Lucas captures the civic significance of the work that went on inside beauty shops, which beauticians and patrons alike termed “beauty culture,” or the grooming of hair. Rooted in assumptions and structural realities unique to black communities, this work, and the spaces where it occurred, occupied a conspicuous place in southern black neighborhoods and economies. As did white southern women’s encounter with beauty products, black women’s participation in the modern world of beauty afforded tools for constructing visions of self and community. For the first half of the twentieth century, white women turned to cosmetics to fashion an exclusionary, racialized femininity. Sometimes, black women found their own consumer choices conditioned by this same ideal. The conviction that “whiter” features were more attractive than “black” ones gave rise, for example, to commercially prepared hair straighteners and skin bleaches. The availability of these controversial products, as well as of cosmetics that elicited anxieties about female morality, meant that the pursuit of beauty was fraught with contention in the black community. The historical record reveals these tensions, exposing the emotional and especially physical cost black women bore as they pursued beauty with the aid of modern beauty products. But as Lucas’s memory indicates, black women also found themselves heirs to a beauty tradition with different ideological underpinnings and, at times, quite different uses. Black beauticians who plied their trade in the early- to mid-twentieth-century South helped their clients construct a femininity that blunted the harsher edges of Jim Crow. What was at stake for many black women was the respectability that well-groomed hair conferred, a status that was particularly significant for poorer black women, whose financial and occupational position made fighting negative stereotypes difficult. Through the expanding market of consumer goods and services, southern black women wrested a small degree of power from an antagonistic audience by presenting themselves in ways intended to demand respect. The beautifying process itself was also significant, providing overworked black women opportunities for relaxation and pampering.

In addition to the efficacy of their products and services, black beauticians also emphasized that their line of work was a valuable vehicle for the economic uplift of the race. Black women with little capital could enter the profession without going into debt, a fact that allowed scores of working-class black women to set themselves up as beauticians and thus free themselves from economic dependence on both black husbands and white employers. Perhaps most importantly, since they operated beyond the watchful gaze of white employers, black beauticians presided over important free spaces in black communities. Nurtured by this freedom—and, significantly, the content of beauty rituals themselves—a culture of beauty shop talk emerged in many African American beauty parlors. The practices and physical spaces of black beauty parlors, in short, reveal the political potential inherent in certain types of consumer behaviors.[4]

On the whole, black southern women forged a more intimate—and more active—relationship with the burgeoning world of beauty than did white southern women.

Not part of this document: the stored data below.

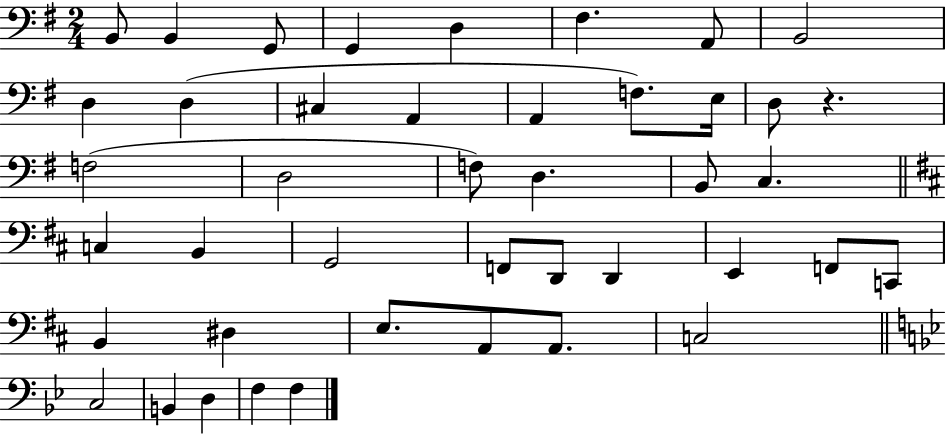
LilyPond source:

{
  \clef bass
  \numericTimeSignature
  \time 2/4
  \key g \major
  b,8 b,4 g,8 | g,4 d4 | fis4. a,8 | b,2 | \break d4 d4( | cis4 a,4 | a,4 f8.) e16 | d8 r4. | \break f2( | d2 | f8) d4. | b,8 c4. | \break \bar "||" \break \key d \major c4 b,4 | g,2 | f,8 d,8 d,4 | e,4 f,8 c,8 | \break b,4 dis4 | e8. a,8 a,8. | c2 | \bar "||" \break \key bes \major c2 | b,4 d4 | f4 f4 | \bar "|."
}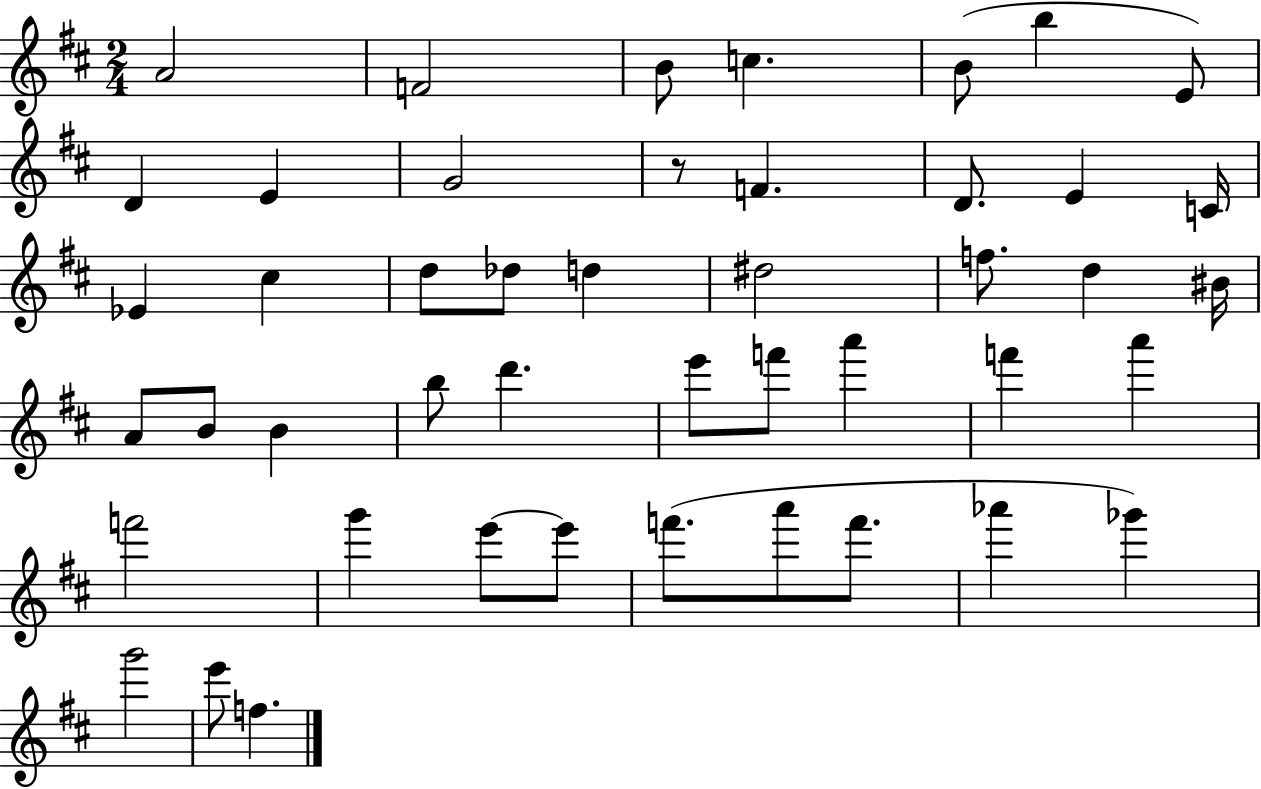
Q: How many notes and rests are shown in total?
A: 46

By comparison, most white southern women experienced a distant connection to the new marketplace of beauty, at least in the early years. They seemed to be relatively passive consumers of products and services that, while full of potent cultural meaning, nevertheless carried little of the same import. In one sense, this distinction was the result of a racially divided economy wherein black women, by necessity, had to work and were therefore more likely to be proprietors who offered beauty services. In another sense, this difference was a function of black women’s ongoing struggle to be recognized as attractive and the significance of such services to this effort. In still another sense, black women were more likely to find the beautifying process itself a salve for the psychological and physical wounds inflicted by Jim Crow, wounds white women did not endure.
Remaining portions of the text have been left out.